• RECORDED DATA
-- -- --

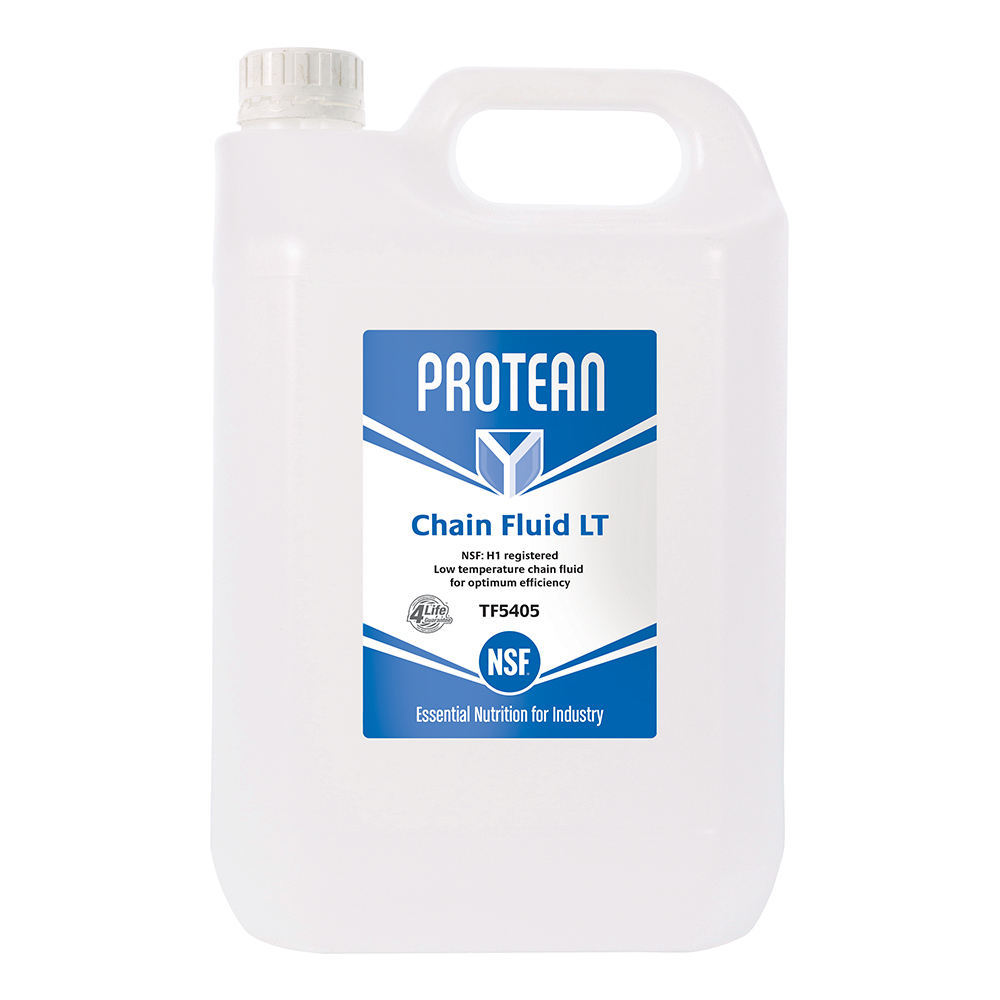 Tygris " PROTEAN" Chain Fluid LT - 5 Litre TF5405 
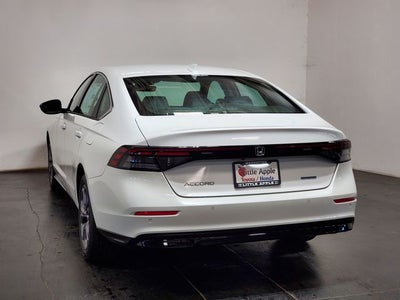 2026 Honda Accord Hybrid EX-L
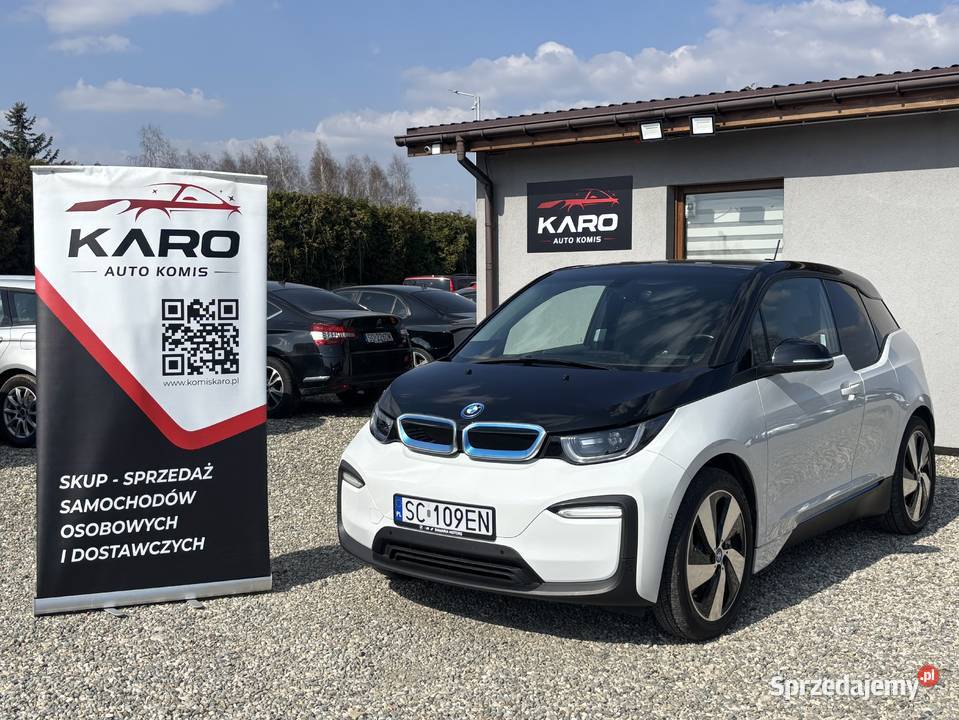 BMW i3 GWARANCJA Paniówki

-- -- --

• TASK PROMPT
Starting where a line contains "2026 Honda Accord Hybrid EX-L" and finishing at the last line above, set down every line exactly as it reads, with no pictures.

• RESPONSE
 2026 Honda Accord Hybrid EX-L
 BMW i3 GWARANCJA Paniówki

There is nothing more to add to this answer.